За лицо – без изъяна,
статный стан без ущерба,
где одна средь бурьяна
лишь молодая верба.

За глаза – без порока,
кожу – белее мела.
И засохла до срока
верба да почернела.

Словно смерть человечью
взяв себе, в день воскресный
молодца – вербной речью,
силой своей древесной,

ветками оплела,
листьями обложила,
на ноги подняла,
соками опоила…

Бабы о вербе той,
пьяны, хмельны ль, тверёзы,
песни слагают, –
пой
с ними,
глотая слёзы…

Народная песня

Не ругай меня, жена,
что я ёрш, что я ёж.
У кого внутри война,
у того снаружи – нож.
На ночной наждак луна
проливает чистый шёлк.
Не кори меня, жена,
что я вол, что я волк.

Волчьей ягодой полна
жизнь колючая – колись.
Не стыди меня, жена,
что я лось, что я рысь.
В меня речка влюблена,
понимает меня ель.
Не ревнуй меня, жена,
что я лис, что я – лель.

То я вепрь, а то я выпь, –
со своей землёю схож:
звёзды в небе – моя сыпь,
зыбь на море – моя дрожь.
Как напьёшься допьяна,
мир припрячешь в кулаке,
глядь – а в нём твоя страна:
нос хмельной и в табаке.

Пляшет, плачет старина,
шарят тени по кривой:
не качай им в лад, жена,
грозной птичьей головой.
Всё, что видится извне –
возникает изнутри…

Тише! О своей войне
никому не говори!

Чуждый огонь

Чем холоднее и пустыннее на сердце – тем верней навстречу
и желтоглазое уныние, и косоротое злоречье…
Идут, хромцы, сосредоточенно, угрюмы и неутомимы,
то рощами, то вдоль обочины, на вид – простые пилигримы.
Но в ком заметят червоточины, тех окружают, обнуляют,
и вид на жительство просроченный слюной на темя налепляют.
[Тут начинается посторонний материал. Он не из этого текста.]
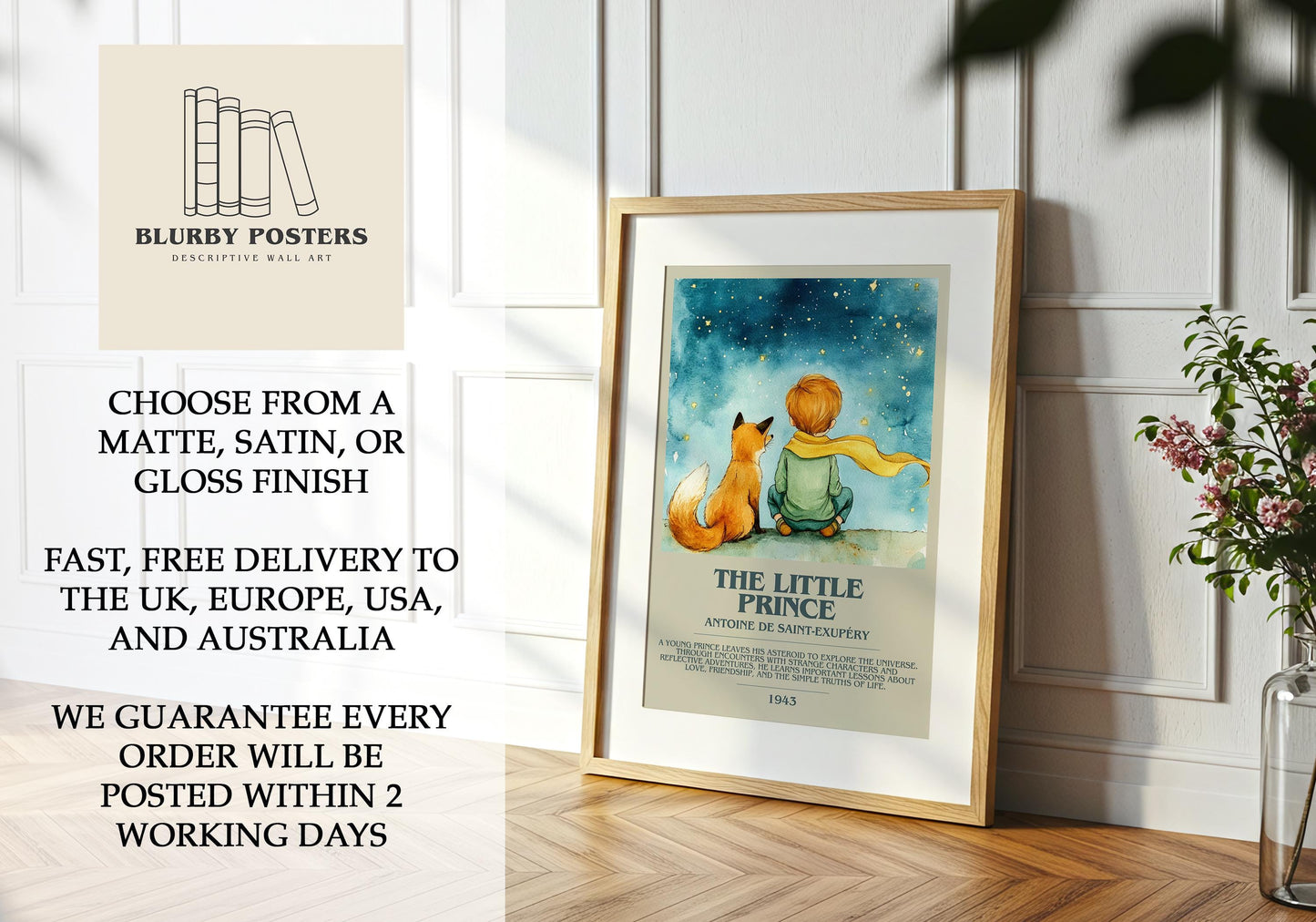 The Little Prince by Antoine De Saint-Exuperry | Descriptive Book Poster | Modern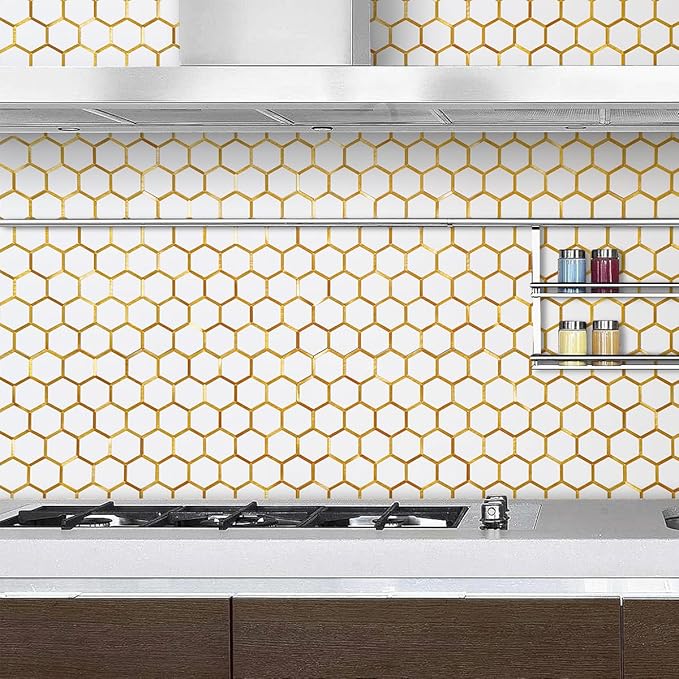 DICOFUN 10-Sheet Hexagon Peel and Stick Backsplash Tile, Polished White Tile Look Mixed Gold Kitchen Backsplash Peel and Stick Wall Tiles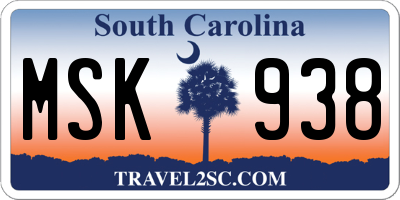 SC license plate MSK938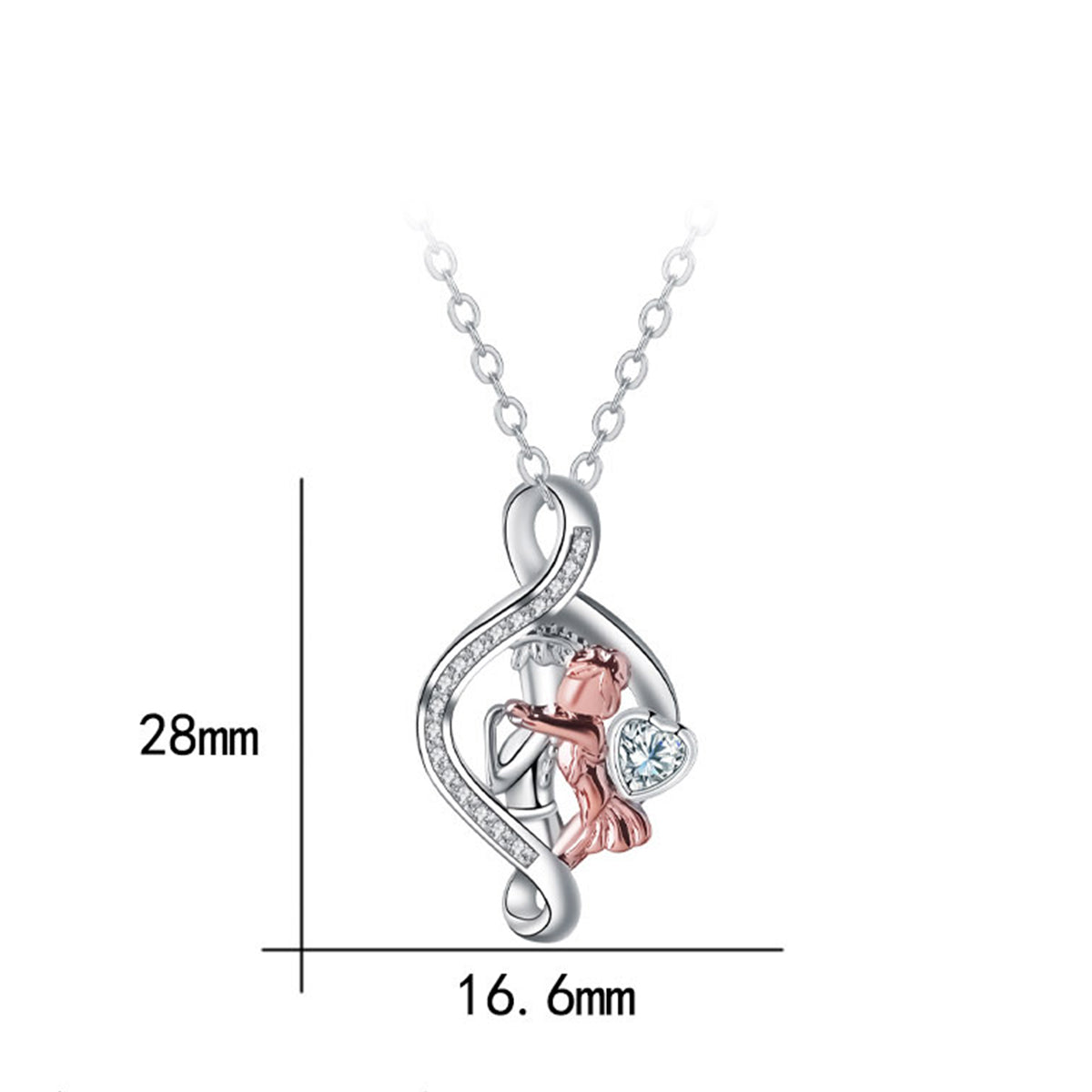 Copper With Silver/Rosegold Plated Heart Pendant Necklace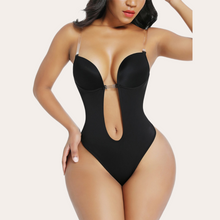 Load image into Gallery viewer, Plunging Neckline and Back Bodysuit (Black)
…Я знала тех, кто долго мыкался: то замирал кариатидой,
то лес валил, то в стены тыкался и кто не справился с обидой.
И стал кормить в себе томление, пока сквозь мысленную стужу
отчаянья и озлобления огонь не вырвался наружу.
Он тлел в подполье, злые жалобы шипели, лопаясь под спудом,
чтоб вспыхнуть вдруг: пора настала бы Надава вспомнить с Авиудом.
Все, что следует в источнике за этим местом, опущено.